Friday saw the release of Casino Royale to theatres across the United States. An overly busy Saturday and my best friend's rapidly shrinking wallet prevented me from seeing it this weekend. While I can't offer you a review, then, I thought I would give you a brief rundown on the long journey Bond's first novel had to take before even a somewhat faithful adaptation would reach the big screen.

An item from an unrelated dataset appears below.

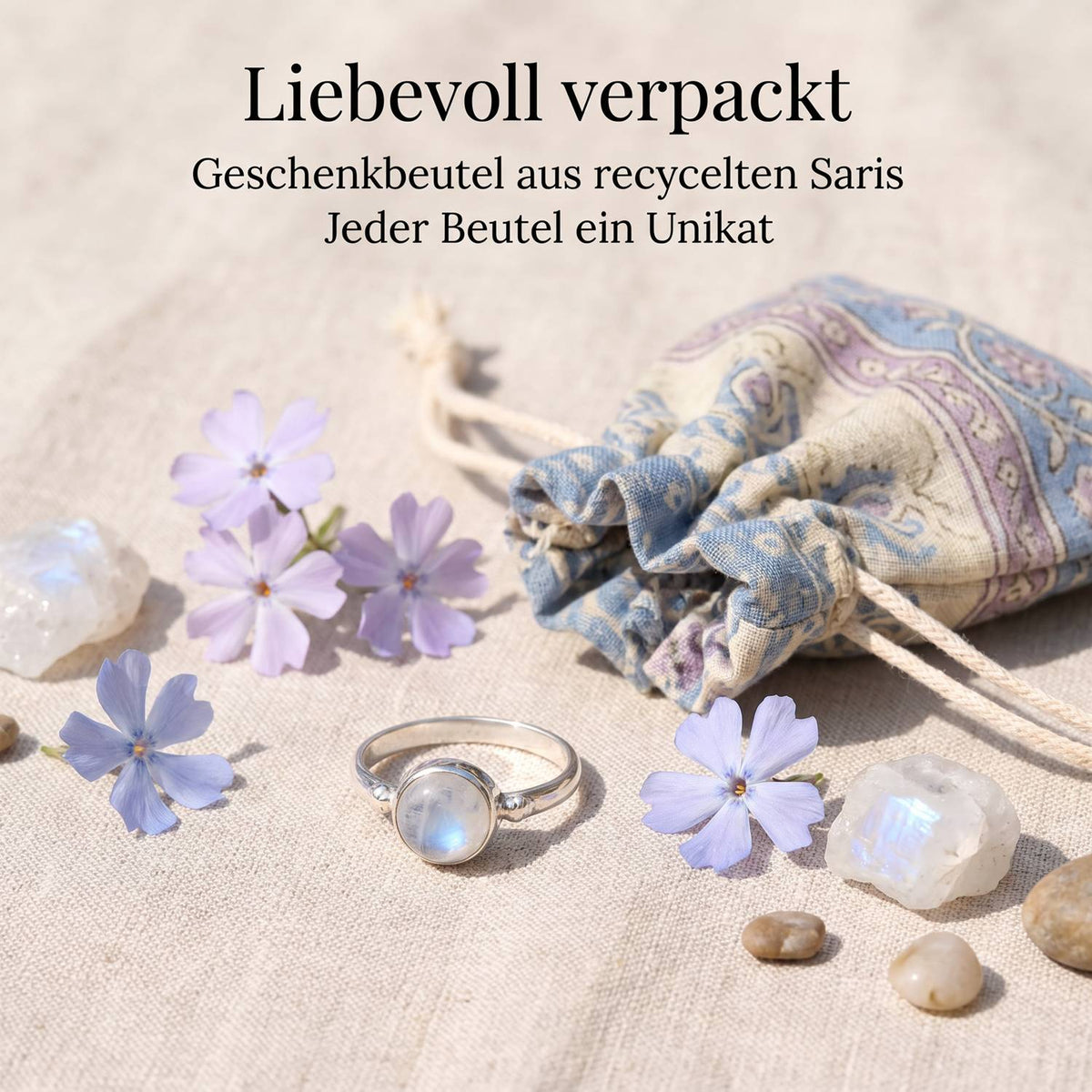 Silberring mit Mondstein und Geschenkbeutel aus recyceltem Sari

Casino Royale was first published in Britain on April 13, 1953. The novel's plot was simple. SMERSH operative Le Chiffre was running a baccarat game in the Casino Royale with the plan of raising money for SMERSH. Bond, who is an expert at baccarat is assigned to defeat Le Chiffre in a game, accomplishing two goals for MI-6. First, SMERSH would be denied the winnings to finance any further operations. Second, it was hoped that SMERSH would kill Le Chiffre for his failure, thus taking care of a troublesome Soviet operative. For its time the novel Casino Royale was very controversial. For the Fifties the novel included a good deal of sex, violence, and torture. The controversy fueled the book's sales and, although hardly a best seller, it was a modest success. It was at least successful enough for Fleming to write a second Bond novel, Moonraker, published in 1955.

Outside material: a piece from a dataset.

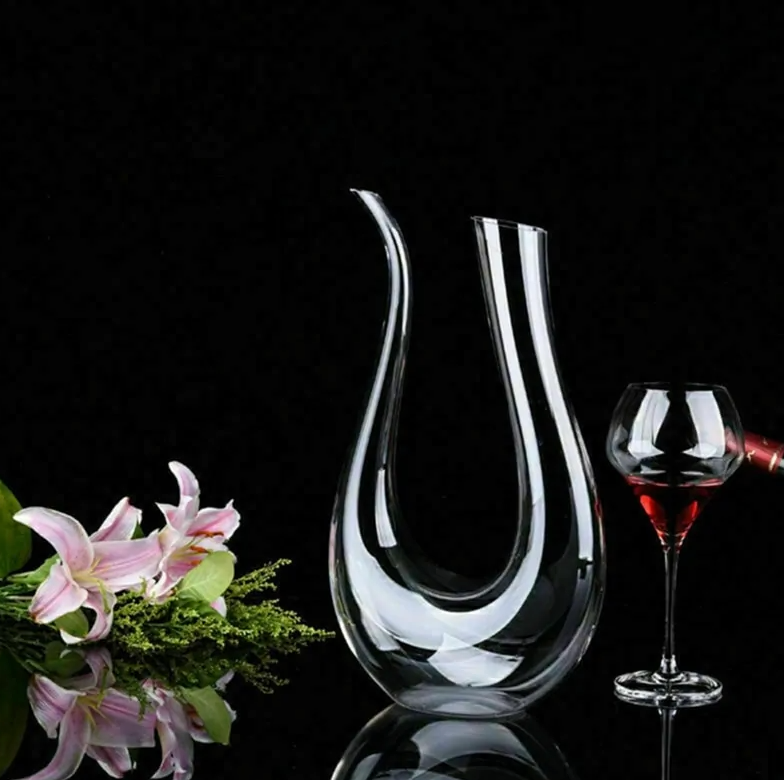 Crystal U-shaped 1500ml Wine Decanter: Enhance Your Wine Experience with Elegance and Precision!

It was also successful enough to attract the attention of Americans. In 1954 CBS bought the rights to adapt Casino Royale as an episode of the anthology series Climax. This adaptation did retain the central plot of Bond seeking to bankrupt Le Chiffre in a baccarat game. Played by Peter Lorre, Le Chiffre's character differed little from that in the novel. In other ways, however, the Climax adaptation of Casino Royale departed a good deal from the novel. In particular, not only was Bond played by thoroughly American actor Barry Nelson, but the character was Americanised through and through. No longer is Bond a British agent for MI-6, but an American agent for "Combined Intelligence." And the character who introduced himself in the novel with the classic words, "Bond, James Bond" was actually referred to as "Jimmy Bond!" This being American television, any sex in the novel was excluded from the teleplay and the violence toned down considerably. "Casino Royale" aired on Climax to little fanfare and was swiftly forgotten by everyone except possibly those involved in the project, Ian Fleming, and CBS executives. In the late Fifties CBS would actually approach Fleming with the idea of a 007 TV series. The deal fell through and the outlines Fleming had written for episodes would later be turned into short stories for the anthology For Your Eyes Only.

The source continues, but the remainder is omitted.